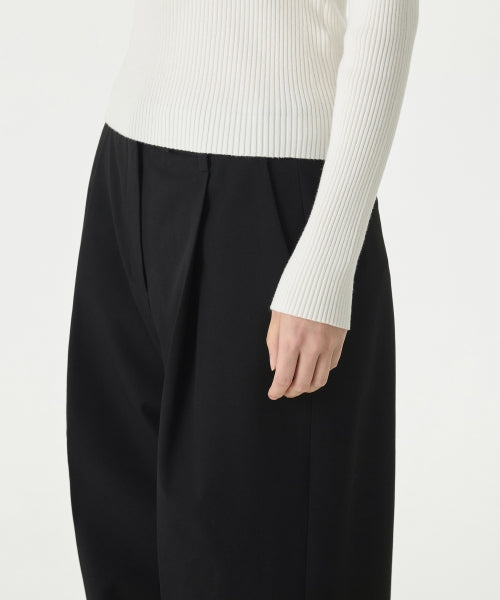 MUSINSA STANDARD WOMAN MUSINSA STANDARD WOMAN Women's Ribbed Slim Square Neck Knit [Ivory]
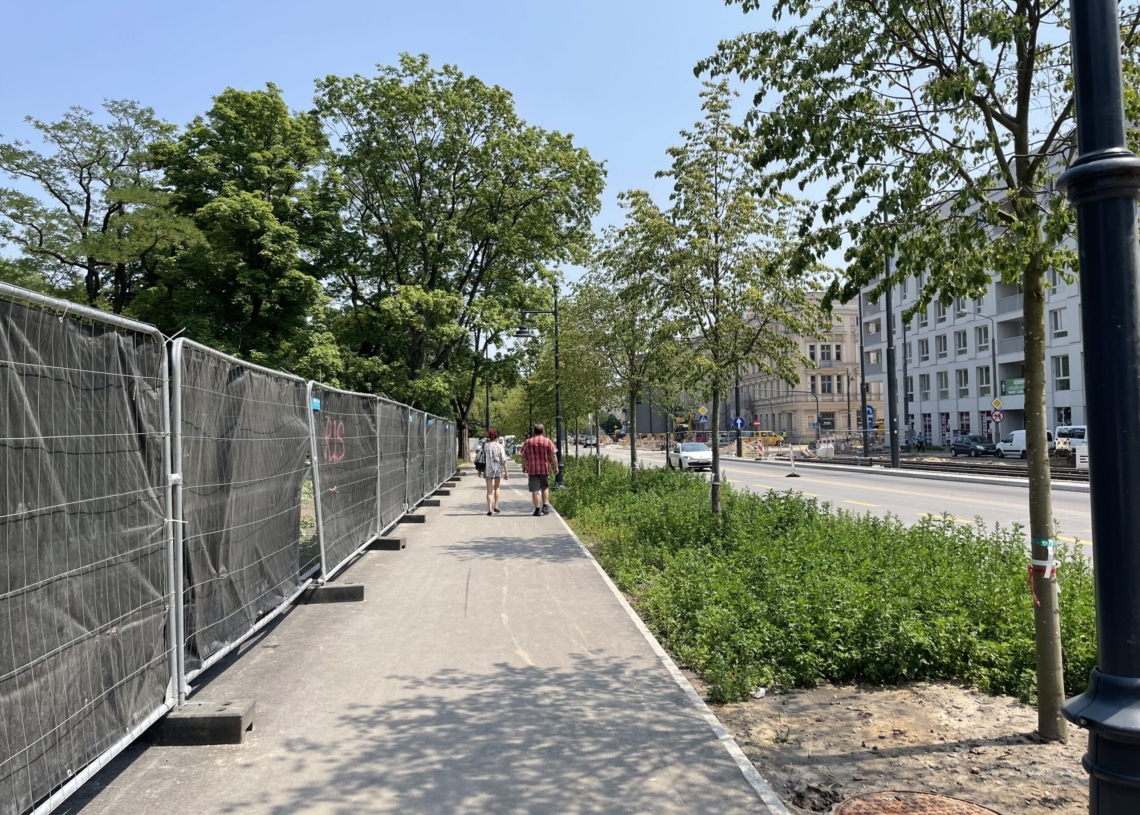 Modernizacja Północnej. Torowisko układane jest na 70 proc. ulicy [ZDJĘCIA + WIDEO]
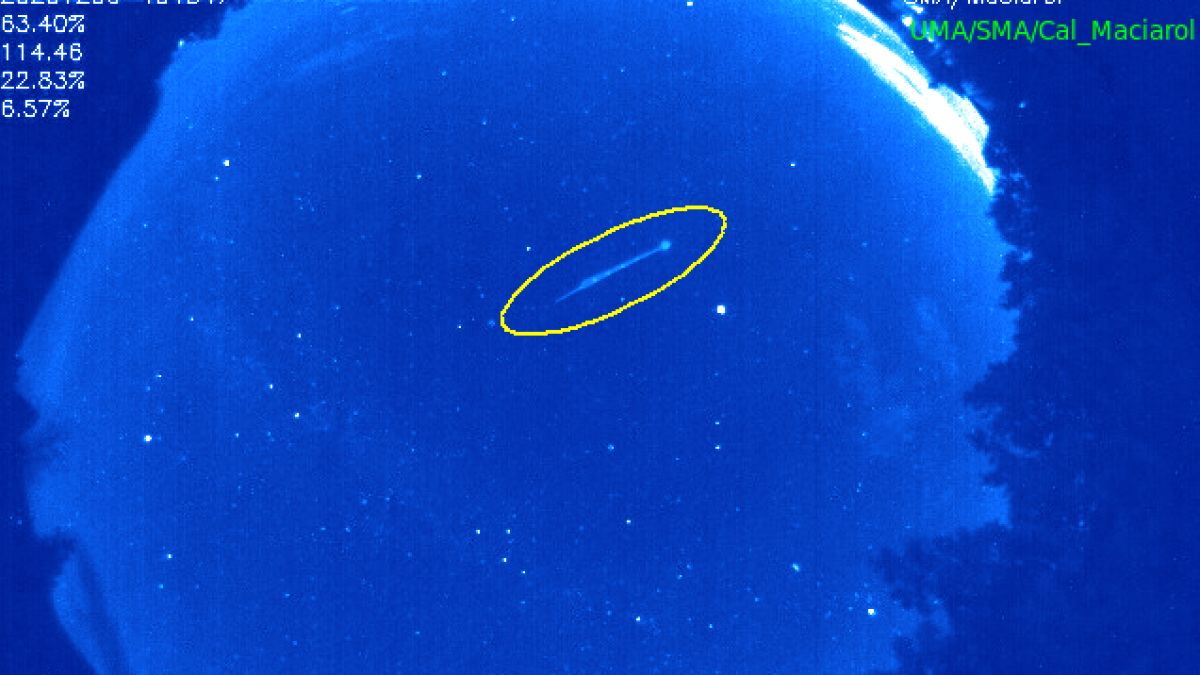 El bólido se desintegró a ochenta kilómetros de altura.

=====

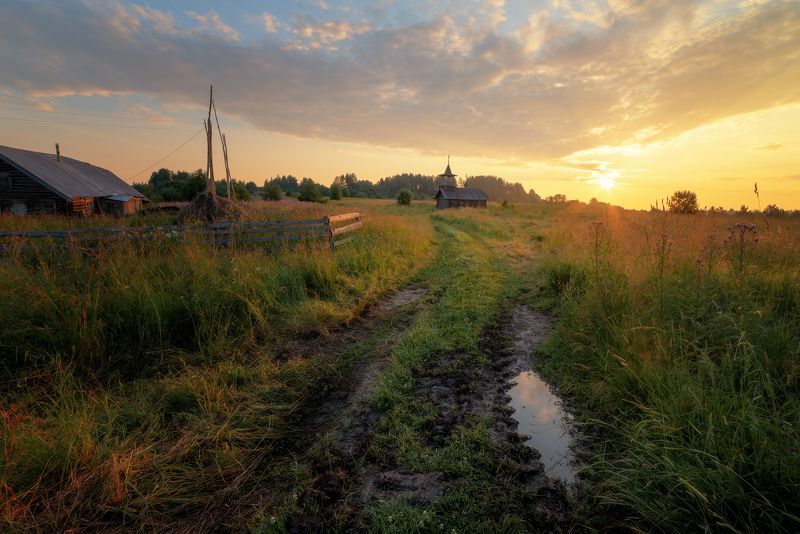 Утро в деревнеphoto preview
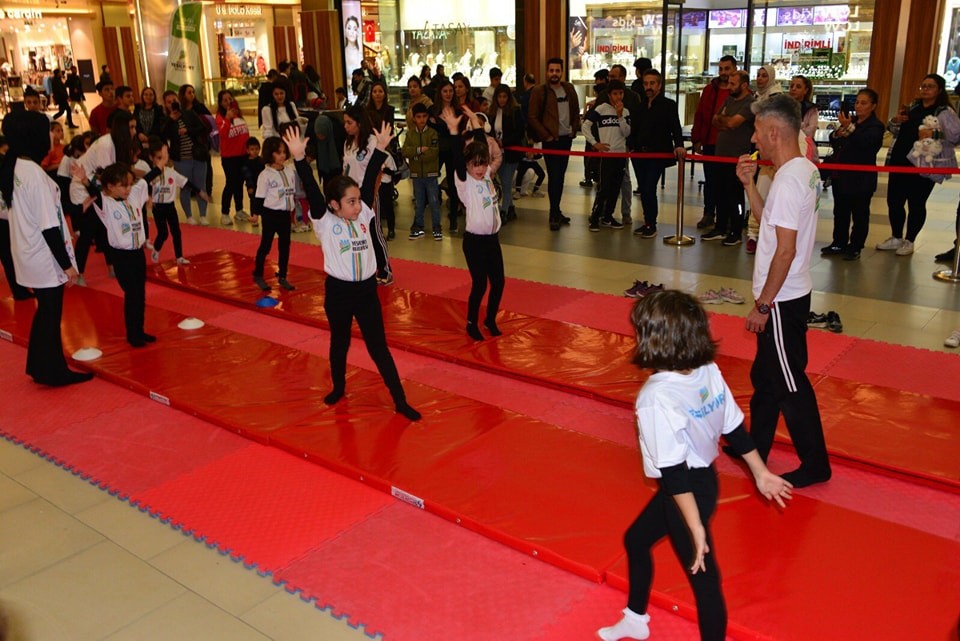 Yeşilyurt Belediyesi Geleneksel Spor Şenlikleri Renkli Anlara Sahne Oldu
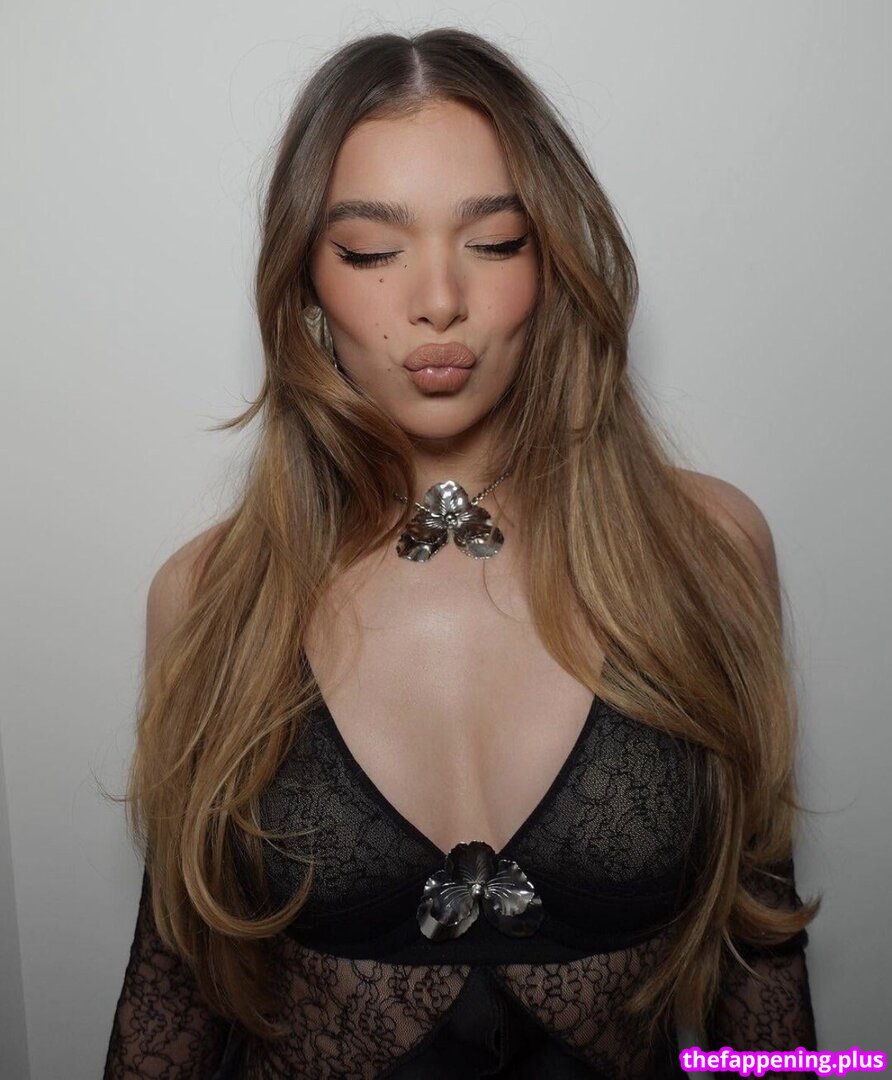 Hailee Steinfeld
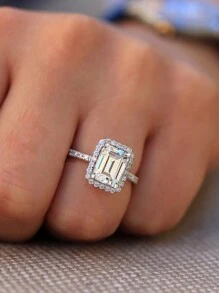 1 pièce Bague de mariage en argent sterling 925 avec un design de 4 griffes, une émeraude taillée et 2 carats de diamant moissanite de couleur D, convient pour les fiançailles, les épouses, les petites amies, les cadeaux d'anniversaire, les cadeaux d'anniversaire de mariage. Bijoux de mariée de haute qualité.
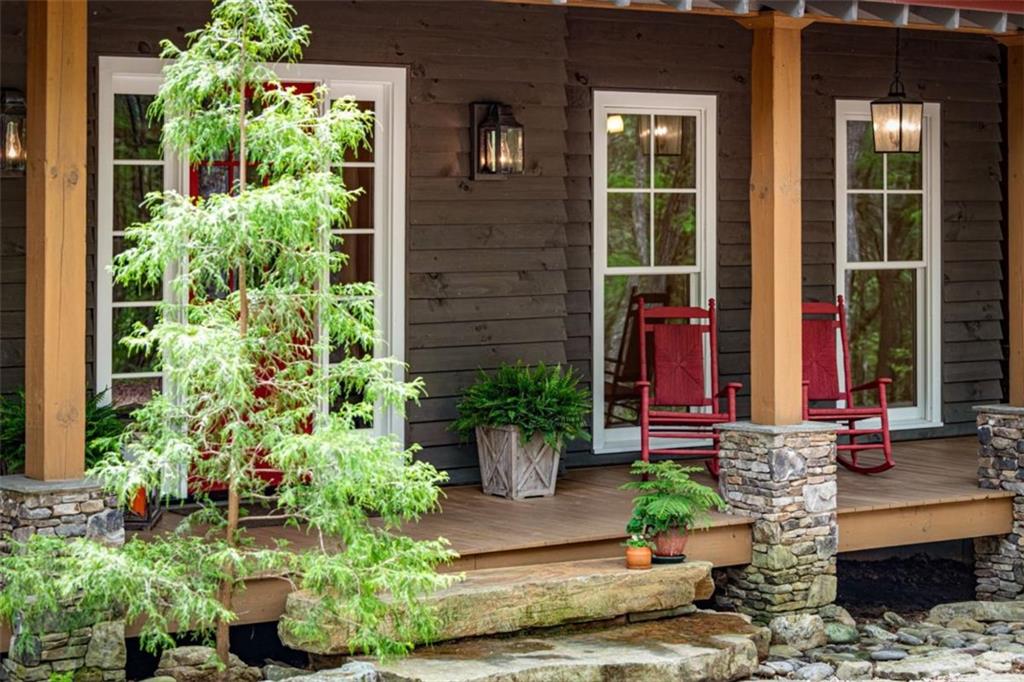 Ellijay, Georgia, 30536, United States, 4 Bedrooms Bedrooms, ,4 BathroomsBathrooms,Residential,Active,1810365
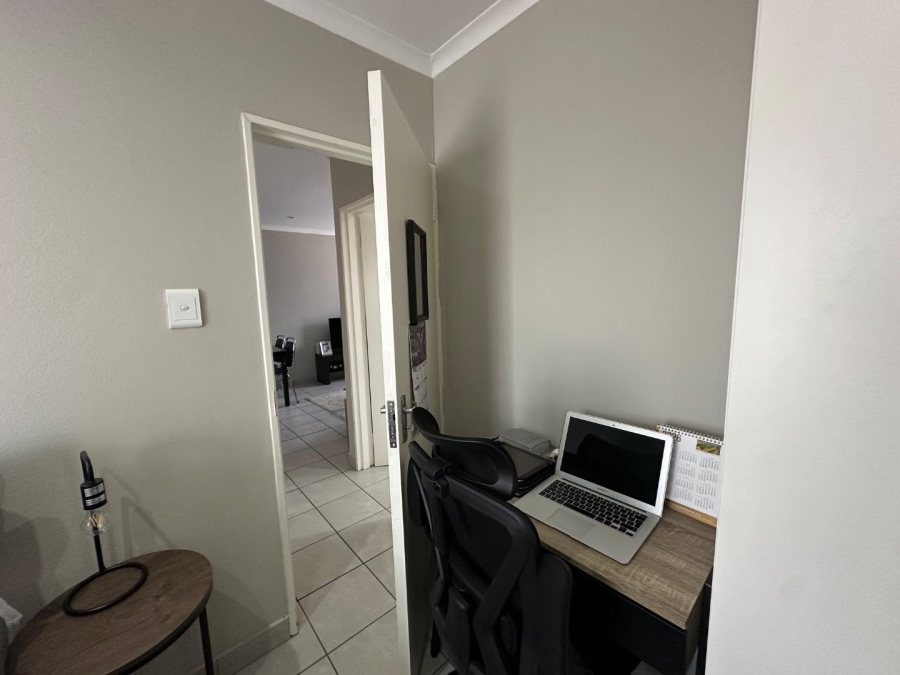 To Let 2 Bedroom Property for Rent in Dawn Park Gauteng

=====

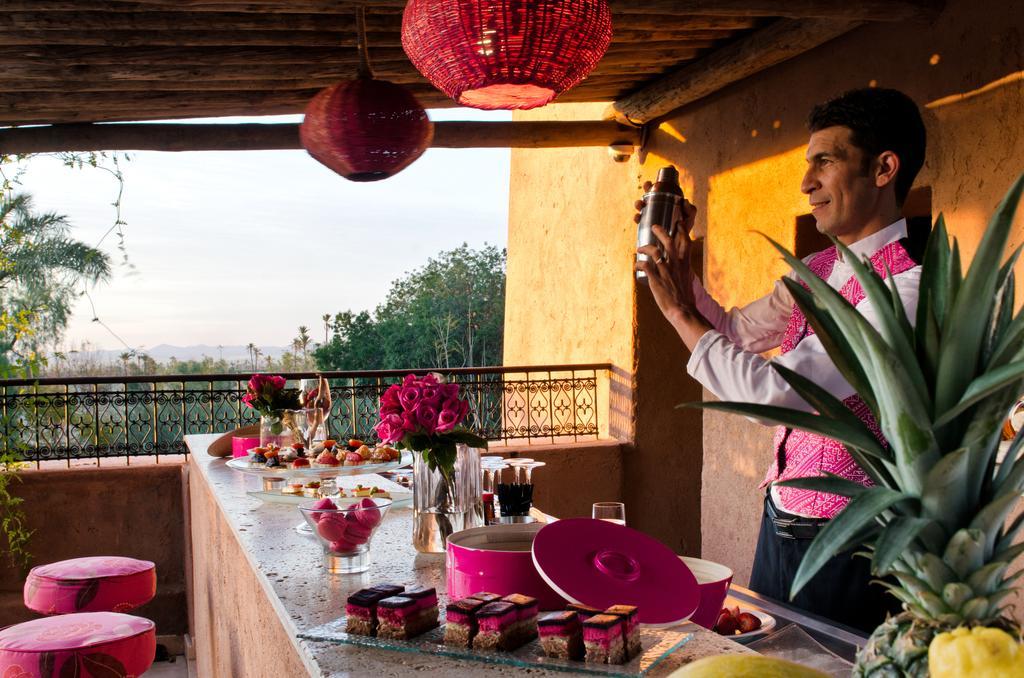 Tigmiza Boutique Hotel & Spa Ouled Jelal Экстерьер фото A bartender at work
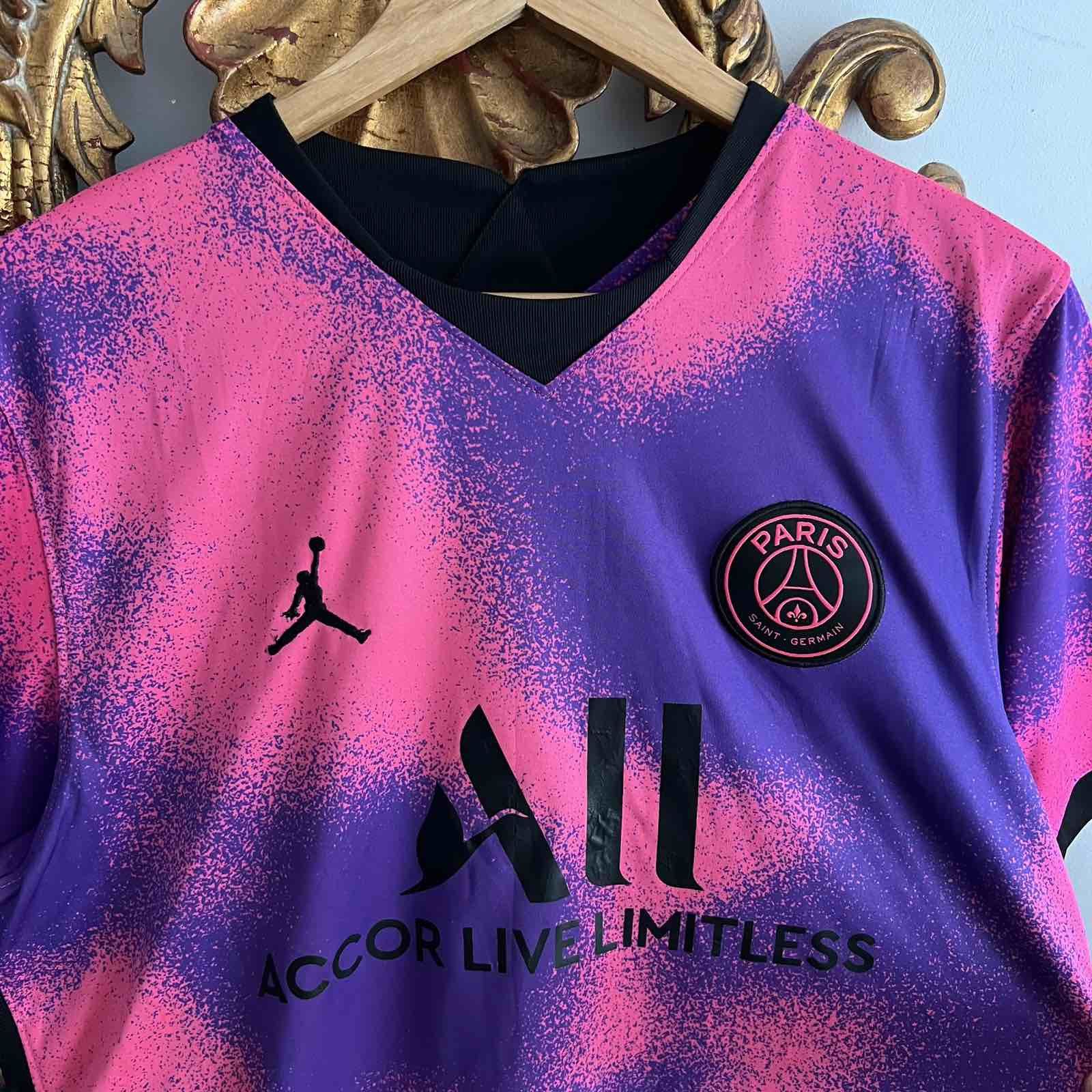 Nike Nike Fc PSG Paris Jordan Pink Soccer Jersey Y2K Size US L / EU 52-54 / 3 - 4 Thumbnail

=====

Reproduce the records above exactly, but only from the line with "Ellijay, Georgia, 30536, United" up to and including the line with "To Let 2 Bedroom". Leave the pictures out.

 Ellijay, Georgia, 30536, United States, 4 Bedrooms Bedrooms, ,4 BathroomsBathrooms,Residential,Active,1810365
 To Let 2 Bedroom Property for Rent in Dawn Park Gauteng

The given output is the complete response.